En febrero del año 2000, un grupo de 450 hombres del bloque Norte de las Autodefensas Unidas de Colombia asesinó a 60 personas en un recorrido que se extendió durante seis días y terminó frente a la iglesia de El Salado, luego de pasar por varios asentamientos de los municipios de Ovejas, Córdoba y Carmen de Bolívar. Esa cifra de víctimas ha sido “la oficial” y hace parte del informe elaborado por el Centro Nacional de Memoria Histórica (CNMH) sobre la masacre.

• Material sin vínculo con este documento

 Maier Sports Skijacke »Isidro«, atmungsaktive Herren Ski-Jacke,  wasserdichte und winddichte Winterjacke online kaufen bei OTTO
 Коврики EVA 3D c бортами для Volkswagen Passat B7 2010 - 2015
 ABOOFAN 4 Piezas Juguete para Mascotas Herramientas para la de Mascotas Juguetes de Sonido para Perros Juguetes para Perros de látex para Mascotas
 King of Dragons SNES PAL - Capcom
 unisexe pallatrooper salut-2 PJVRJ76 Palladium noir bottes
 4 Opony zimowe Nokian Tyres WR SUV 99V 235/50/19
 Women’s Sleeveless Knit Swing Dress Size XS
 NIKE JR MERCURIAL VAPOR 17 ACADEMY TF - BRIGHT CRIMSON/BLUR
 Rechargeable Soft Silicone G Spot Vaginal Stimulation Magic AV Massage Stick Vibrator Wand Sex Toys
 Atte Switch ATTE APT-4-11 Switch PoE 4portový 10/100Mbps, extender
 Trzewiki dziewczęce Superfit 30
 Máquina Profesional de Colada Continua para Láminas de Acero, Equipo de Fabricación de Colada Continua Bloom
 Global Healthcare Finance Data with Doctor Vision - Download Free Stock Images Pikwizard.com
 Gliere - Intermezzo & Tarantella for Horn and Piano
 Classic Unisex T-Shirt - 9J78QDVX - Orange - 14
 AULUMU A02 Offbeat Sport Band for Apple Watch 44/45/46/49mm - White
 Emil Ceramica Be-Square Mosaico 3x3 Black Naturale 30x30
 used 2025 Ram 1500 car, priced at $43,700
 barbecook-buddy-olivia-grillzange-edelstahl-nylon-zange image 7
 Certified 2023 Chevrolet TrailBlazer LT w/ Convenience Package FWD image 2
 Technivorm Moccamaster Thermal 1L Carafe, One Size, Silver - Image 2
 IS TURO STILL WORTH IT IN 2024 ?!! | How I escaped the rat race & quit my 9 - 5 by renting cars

Sin embargo, de acuerdo con la Fiscalía, el número podría haber superado las 100.

Las líneas rojas dibujan la ruta de entrada a El Salado de los tres comandos paramilitares que cometieron la masacre. Mapa: Centro Nacional de Memoria Histórica.

A principios de los 90 la guerrilla decidió afincarse en la zona, someter a sus pobladores y, desde allí, desplegar su maquinaria de guerra en pleno corazón de los Montes de María. Entonces, El Salado, como ya ocurría con muchos otros lugares del país y como pasaría luego con casi toda esa región, tuvo que cargar con el estigma de ser un “pueblo fariano”.

Los paramilitares cobraron a su modo y adornaron la masacre con gaitas y tambores. Después del último día de la carnicería en que convirtieron el pueblo, El Salado se quedó solo y en silencio. Las cerca de 4.000 personas que lo habitaban se desplazaron cuando terminaron las torturas, las violaciones y las decenas de asesinatos que produjeron los tres comandos de las Autodefensas que llegaron para acabar con cualquier rastro de colaboración, afinidad o cercanía con el frente 37 de las Farc.

Seis días de masacre, entre el 16 y el 21 de febrero. Y durante esa semana de horror el sobrevuelo, según los sobrevivientes, de un helicóptero que parecía vigilar desde el aire que se cumpliera la tarea encomendada a los paramilitares; uno similar al que antes de la fiesta de Navidad de 1999 había pasado sobre el pueblo arrojando volantes en los que sugería a los saladeros disfrutar esas celebraciones, porque serían las últimas.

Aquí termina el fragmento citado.